Mikael voulut rentrer.
« Où tu vas ? l’arrêta Agnete.
— Dedans…, dit tout doucement Mikael.
— À quoi ça sert maintenant ? Tout le monde t’a vu. » Agnete était furieuse. « Il va falloir que je leur dise de rien raconter aux gardes. On n’aura plus qu’à espérer qu’ils se taisent, imbécile que tu es », dit-elle, d’une voix dure masquant son inquiétude. Elle hocha la tête. Puis jura entre ses dents, énervée. « Déshabille-toi », dit-elle enfin.
Eloisa ricana.
Mikael regarda autour de lui. Les paysans étaient déjà dans la rue. « Moi ? Pourquoi ?
— Tu pues la merde », répondit Agnete. Elle lui montra le paquet qu’elle avait apporté. C’étaient des habits propres. « Je les ai pris chez Margit. Ils sont trop petits pour son fils. Tant que t’es ici, tu les mettras. »
Mikael regarda de nouveau autour de lui. « Je peux me changer à l’intérieur ?

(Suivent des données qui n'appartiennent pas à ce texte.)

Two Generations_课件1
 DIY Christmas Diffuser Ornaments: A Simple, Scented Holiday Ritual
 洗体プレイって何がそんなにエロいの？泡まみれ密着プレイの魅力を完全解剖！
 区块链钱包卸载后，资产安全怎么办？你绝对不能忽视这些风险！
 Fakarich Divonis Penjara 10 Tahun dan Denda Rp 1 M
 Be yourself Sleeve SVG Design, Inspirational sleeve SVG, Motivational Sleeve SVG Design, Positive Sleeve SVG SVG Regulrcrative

— Non. Tu m’empuantis la maison. T’as honte ? T’auras pas besoin d’enlever ton caleçon. »
Mikael, à contrecœur, commença de se déshabiller.
Eloisa riait. Mais quand il fut dévêtu, elle redevint tout à coup sérieuse et le regarda en entier.
« T’es devenu fort, dit Agnete, une note d’étonnement et de fierté dans la voix. Ils disaient que t’avais des muscles d’écureuil, mais maintenant t’as l’air d’un louveteau. »
Mikael rougit et évita de regarder Eloisa.
« Qu’est-ce qui t’est arrivé ici ? demanda Agnete en montrant les bleus qu’il avait sur le ventre et dans le dos.
— Je suis tombé, dit Mikael.
— Ojsternig ? »
Mikael fit signe que non.
« Alors c’est pas difficile de deviner sur qui tu es tombé. Ça ne peut être que lui, dit Agnete.
— Elderstoff ? », demanda Eloisa, qui sentait la colère monter.
Mikael ne répondit pas et enfila rapidement les habits propres.
« Je le déteste ! s’exclama Eloisa. La prochaine fois…
— Non ! », la coupa Mikael, avec des yeux effrayés. Il la regarda en silence quelques instants, puis il dit : « Me défends plus jamais.
— C’est pour ça qu’il t’a frappé ? », demanda Agnete. Elle se tourna vers sa fille avec un regard sévère. « Qu’est-ce que je t’avais dit ? »
Eloisa baissa les yeux, mortifiée.
Agnete lui lança la brosse en chiendent : « Enlève cette merde sur ses habits », lui ordonna-t-elle.
Eloisa rougit de colère, tandis que Mikael ramassait les vêtements sur le sol. « Donne », dit-elle en les lui arrachant des mains. Et elle se dirigea d’un pas furieux vers l’arrière de la maison.
Quand sa rage fut calmée et qu’elle eut brossé les vêtements, elle revint, s’approcha de Mikael et, à mi-voix pour qu’Agnete n’entende pas, promit : « Je lui dirai plus rien ».